--- Recorded information ---
- - -
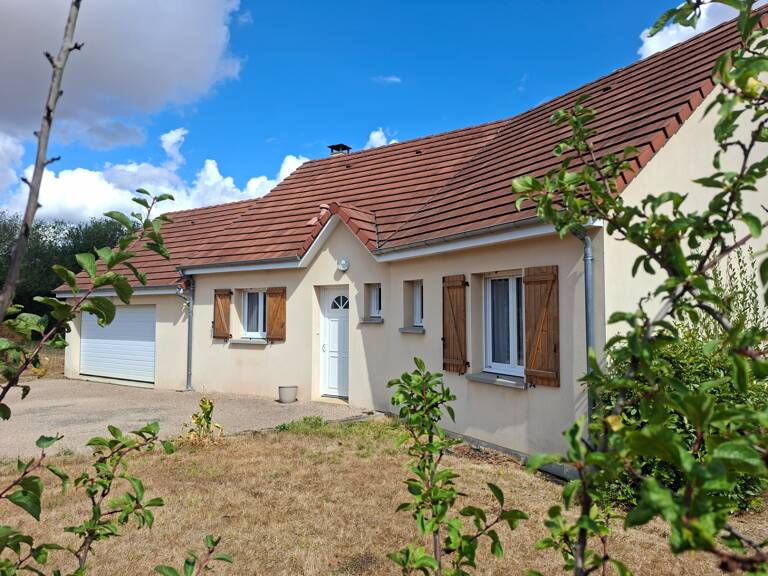 Maison familiale sans aucun travaux à prévoir, 4 chambres, grand garage, 4 min écoles, 15 min de Alencon , 2h Paris, au calme — photo 1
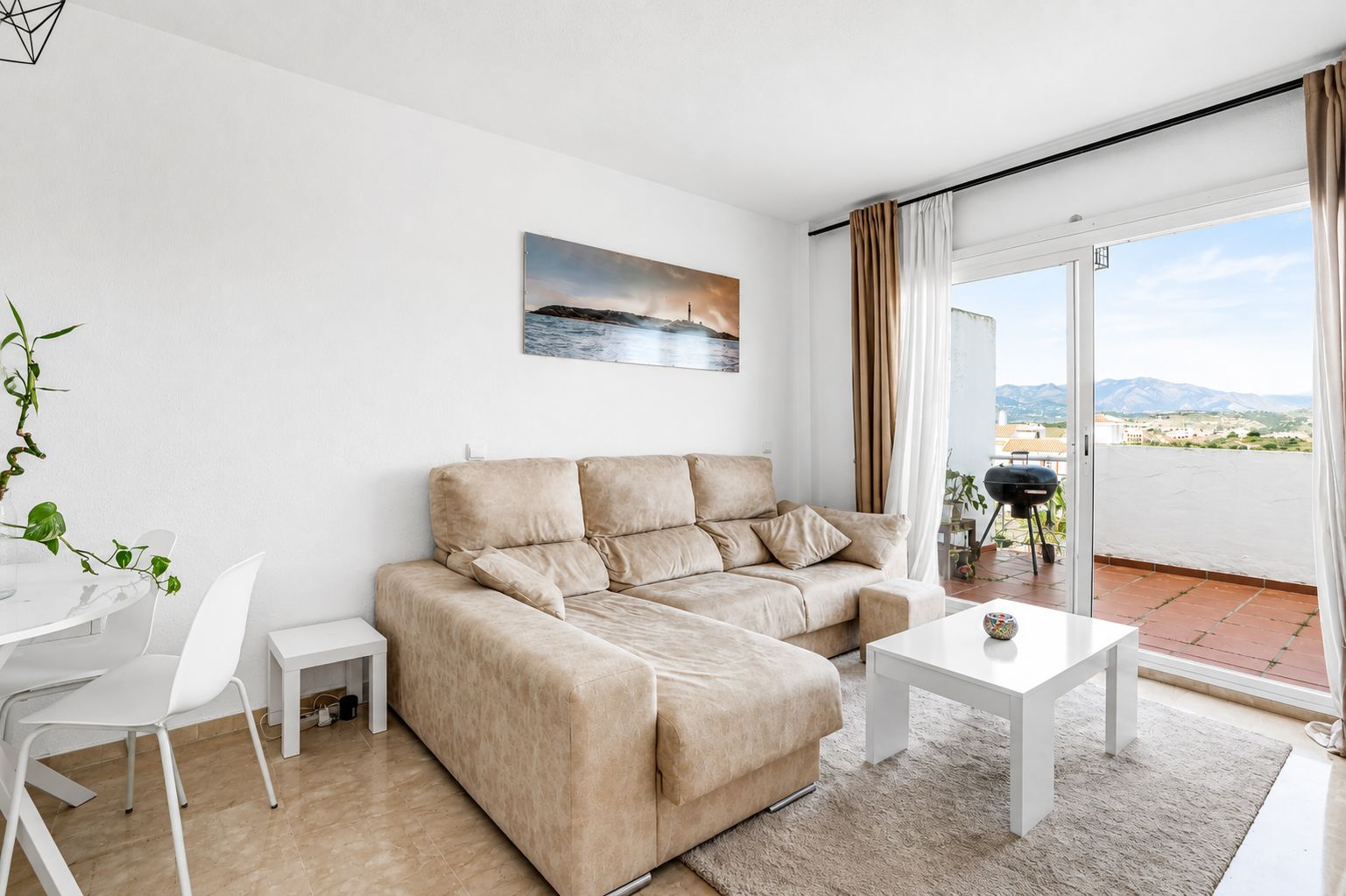 Apartamento en venta de 2 dormitorios en Mijas, Málaga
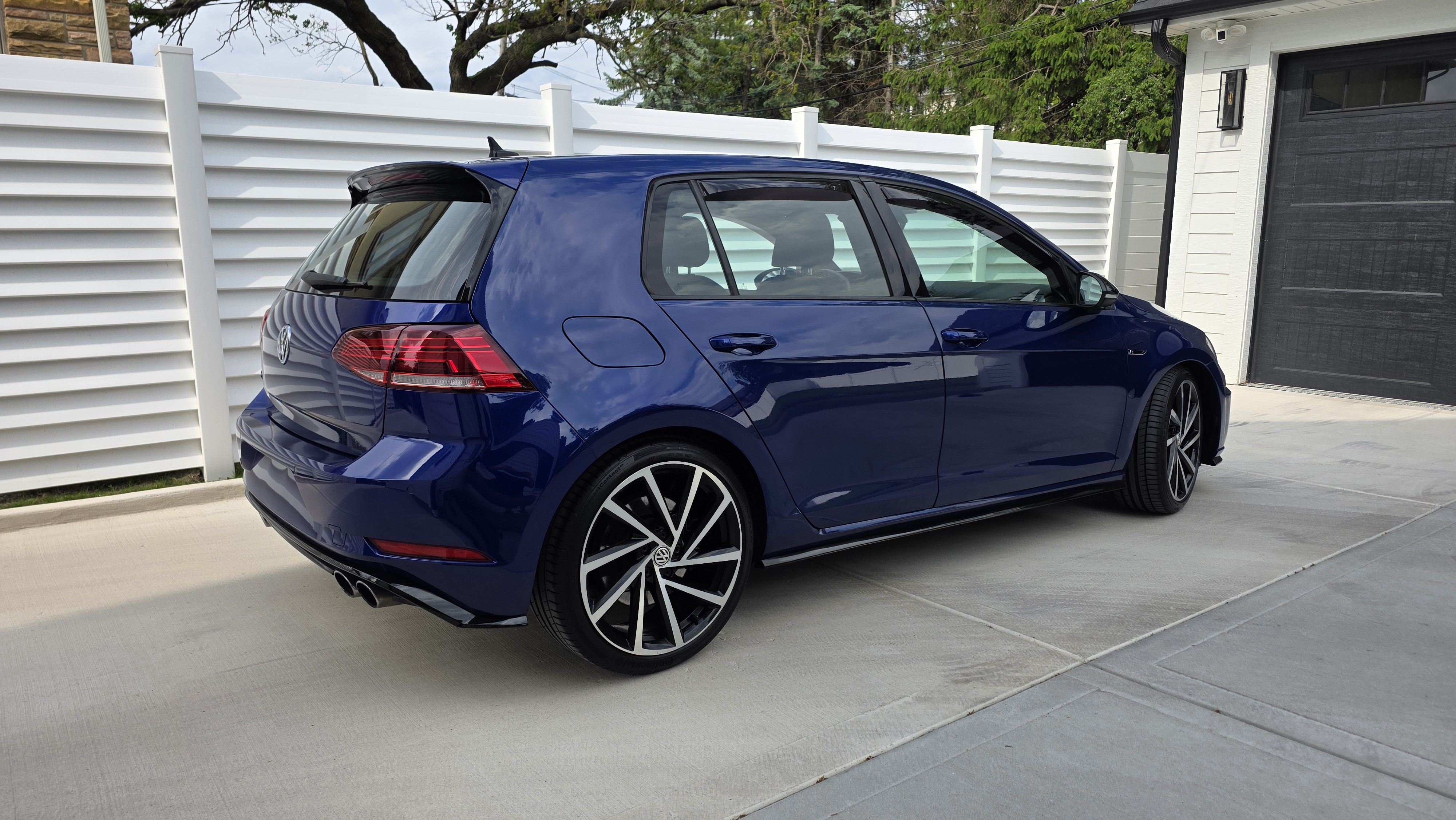 Used 2018 Volkswagen Golf 4-Door AWD/4WD image 2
- - -
--- Problem requirements ---
Give back the full listing word for word, with the pictures left out.

--- Result for this exercise ---
 Maison familiale sans aucun travaux à prévoir, 4 chambres, grand garage, 4 min écoles, 15 min de Alencon , 2h Paris, au calme — photo 1
 Apartamento en venta de 2 dormitorios en Mijas, Málaga
 Used 2018 Volkswagen Golf 4-Door AWD/4WD image 2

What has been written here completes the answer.